The doctor cleared his throat and began. He didn't look well at all. Those in the room that knew the doctor were shocked to see the once handsome face contorted, long furrows ploughing his fine wide mouth down on the sides, fearful eyes staring out at them from dark hollow pockets, the source of that fear beyond the range of the camera.
"The situation here in Shanghai has been a great disappointment to say the least," the doctor began. " We are running a mortality rate of over 25 percent in head implants and roughly 10 to 15 percent in body implants. The leading cause of death is a virulent infectious agent introduced by the chip itself, as far as we can ascertain here. We didn't suspect it until a few days ago. Who would have thought the problem could have originated there? But it is the only possible explanation. A saboteur must have infiltrated the plant. The shipping cases are arriving undisturbed here, as always. The virus seems to have been introduced to the packaging fluid that surrounds and nourishes the chip while in transit. I can't be certain, but I would look for someone in the packaging area of the plant. We feel here that the virus must be added to the fluid later, after it has been produced in the lab - the controls there are just too restrictive to allow it to pass."

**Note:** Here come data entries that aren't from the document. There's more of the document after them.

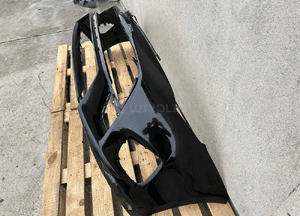 Zderzak przód przedni toyota avensis T27 iii lift fl 2
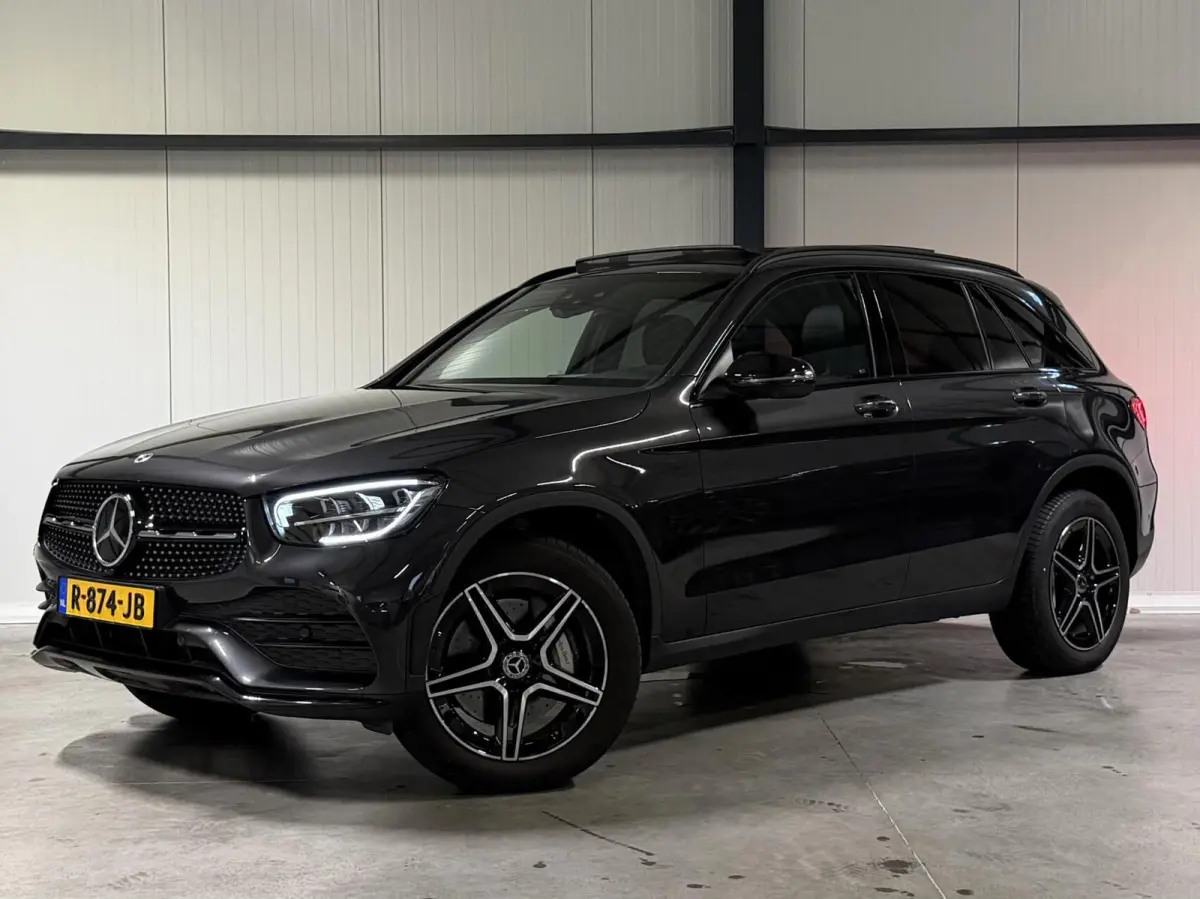 4MATIC AMG Pano Virtual Trekhaak
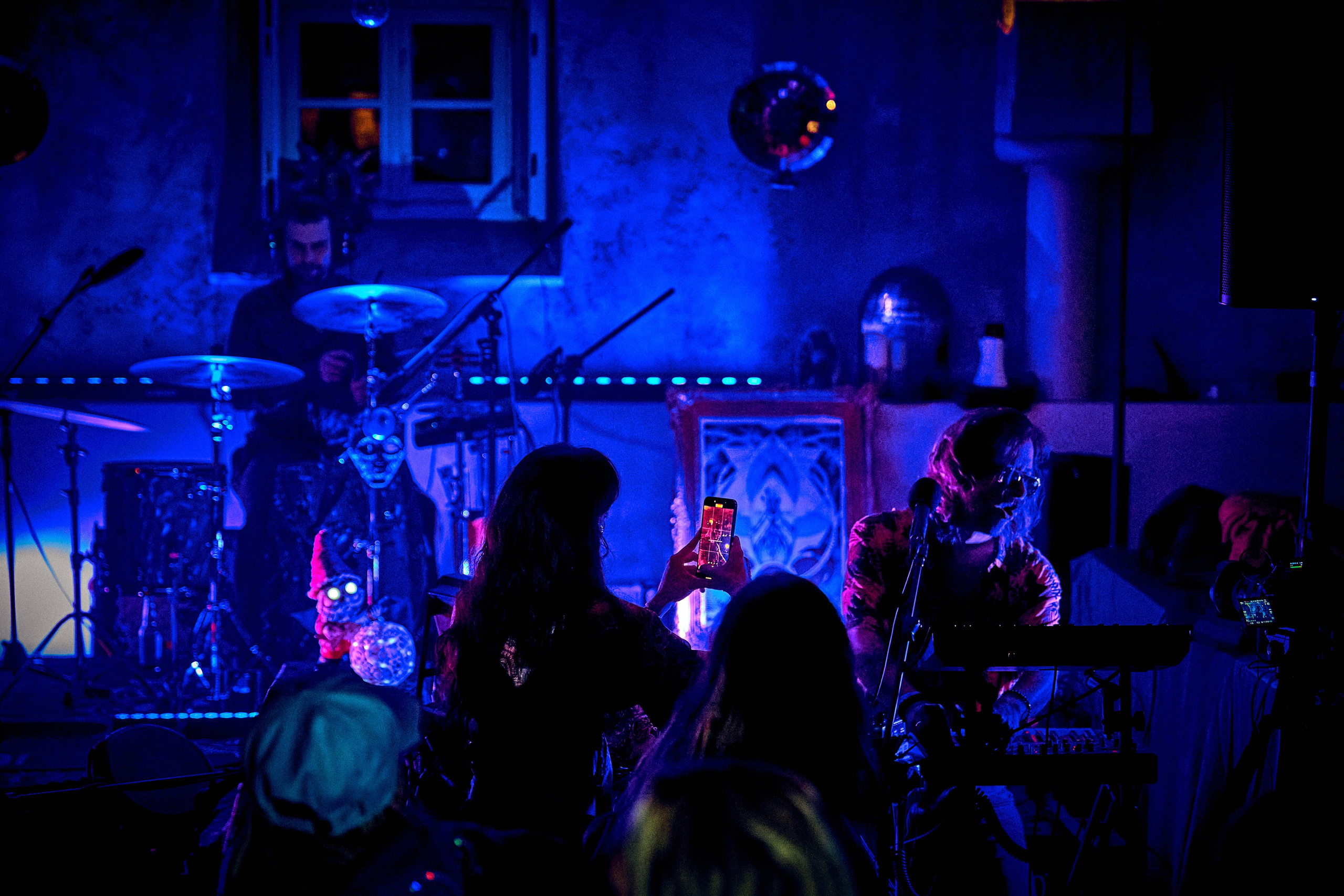 Gnom Elektron - koncert na 2 uRodzinach Turkusowej Wyspy. Andriej Szypilow — Photography & Videography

The doctor paused for a moment, turning his head slightly, as if distracted by something. He began again, somewhat agitated.
"The Chinese government is becoming...impatient," Doctor Xiang's narrow eyes darted to the left like a pair of frightened bats and returned widened now by some new knowledge only he could see. He sped on.
"We can not anticipate a continuing supply of...volunteers...under the circumstances. Indeed, the project may not be able to continue in its present form."
The screen flickered, some of the content of the transmission dropping out. When the signal was reestablished, there was more of a sense of urgency in the delivery. The doctor was rushing now, his eyes taking on a more desperate quality as loud voices and a sudden crashing noise seemed to emanate from somewhere close by within the clinic. The sharp staccato of authoritative Chinese voices rang out as the doctor hurried on.
"I hadn't anticipated this. We will need all personnel evacuated by any and all means possible." Panic had seized the doctor now as the noise around him became almost deafening. He shrieked out his last words.
"The situation here has become perilous, please..."
The audio burst into a torrent of static as the picture disappeared into waves of digital noise. In the last few flickering frames of the transmission Doctor Ziang's body could be seen twisted toward the direction of the disturbance, his hands raised above his head, his strobing mouth open in a silent scream. Then the wall went blank.
Nicholas Apolonio turned the full fury of his gaze upon the man seated alone at the side of the room.
"That transmission was received just over an hour ago." The Boss's jaw was clenched in fury, rippling masseter muscles bulging along the sides of his face. "We have heard nothing since, despite our best efforts," he hissed.
The edges of the room seemed to begin a slow spin now, as if the entire conference area were staged on a giant merry-go-round. Everyone sat tensed with anticipation, guts gripped by a fine cold fear, wishing they hadn't bought the ticket for this ride. A sense of madness, full of the kind of dread that can never be remembered until visited again, lay upon each man there. Now was the time to steel oneself for the ride - now that there was no turning back.
"Mr. Folley, please present yourself here." The Boss pointed to a spot in the middle of the floor in front of him, no longer acknowledging the man with his eyes. Derek Folley rose from his seat, looking already, as he crossed the room, like the ghost he was soon to become.